Outre les voisins invités obligés, on fera appel aux quelques militaires disponibles pour se prémunir de tous les incidents.
La chasse au gibier se transforme progressivement en une chasse au loup puis en une chasse à l'homme. Tout cela va tourner rapidement au drame et donnera à chacun l'occasion de manifester son identité.
L'histoire, en soi, est passionnante. Elle suppose de la part de Maths Menegros des années de recherches dont il faut lui savoir gré.

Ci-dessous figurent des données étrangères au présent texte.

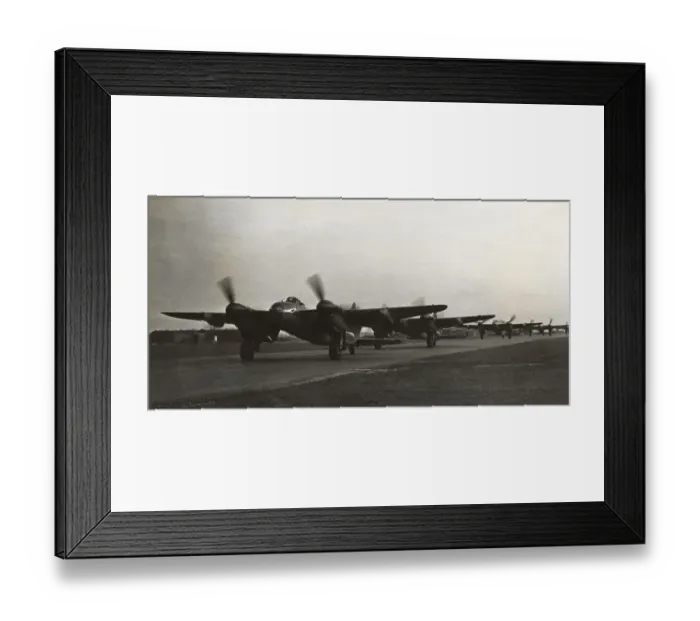 Framed Print : de Havilland DH-98 Mosquito Framed Print : de Havilland DH-98 Mosquito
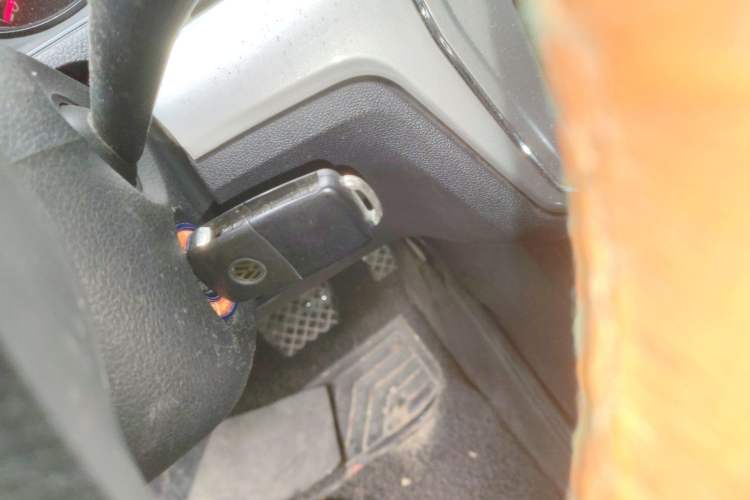 Used Volkswagen Gran Lavida 2015 1.6L Automatic Fashion Edition Vehicle Key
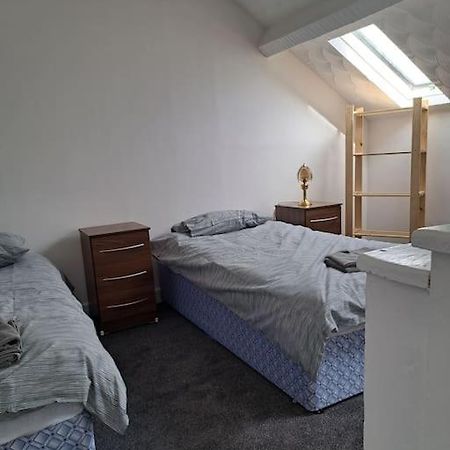 1 Bed Apart Dowlais ภายนอก รูปภาพ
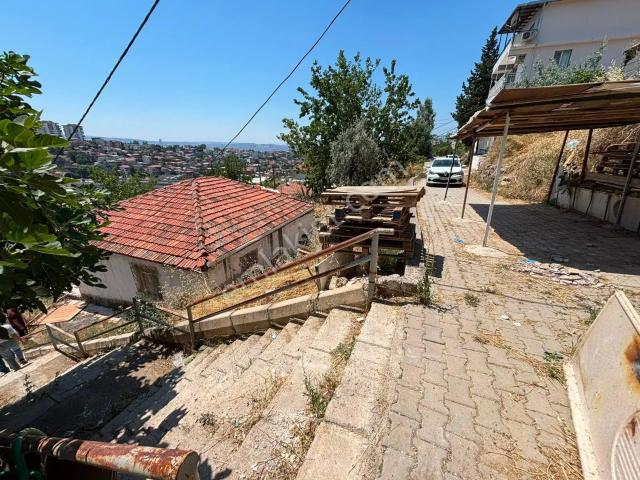 Onur Mahallesi, Bayraklı içerisinde kiralık mülk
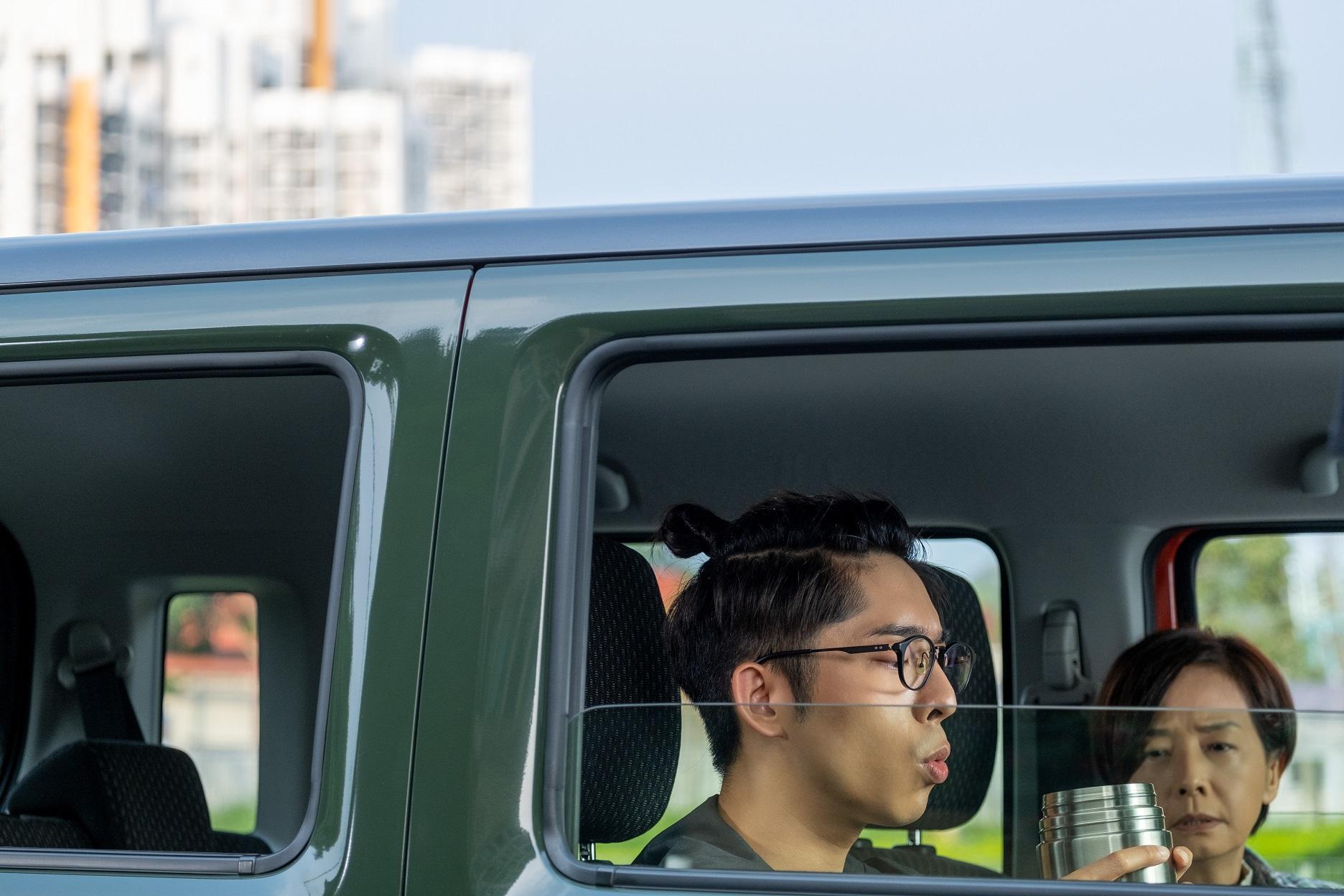 毛舜筠對演兒子的Edan,讚不絕口。(《過時‧過節》劇照)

J'ai malheureusement trouvé que le détachement avec lequel il nous fait assister à cette cascade d'évènements aurait mérité davantage d'émotions dans la narration. La mort d'un duelliste devient un incident, même pour sa famille, dans la mesure où les règles protocolaires du combat ont bien été respectées. La mort d'un duelliste n'affecte pas trop sa famille dans la mesure où le duel a respecté les règles, la disparition ou le massacre d'un enfant par un loup (ou un vampire ; en 1830 leur race est encore bien vivante en Transylvanie) est décrite avec la précision d'un entomologiste étudiant le fonctionnement d'une fourmilière..
Et aucun des personnages n'engendre la sympathie. le comte est dur et inflexible, sa femme est futile, le pope joue double jeu. Les seigneurs sont lâches ou vaniteux, les militaires abandonnés par une lointaine hiérarchie. On ne peut s'identifier à aucun, ce qui, pour moi au moins, diminue l'intérêt que l'on porte aux évènements. le prix Interallié, qui a récompensé ce livre, montre que je suis sans doute passé à côté de certaines de ses qualités. Dans le denier numéro du Figaro Magazine, Christophe Buisson souhaite que ce roman soit porté à l'écran. Je pense aussi qu'une transposition dans l'image de cette histoire qui pourrait être une épopée lui rendrait justice. Elle nous permettrait en outre d'admirer les paysages de ces contrées mal commues.
Je souhaite retrouver le lecteur devant un grand écran.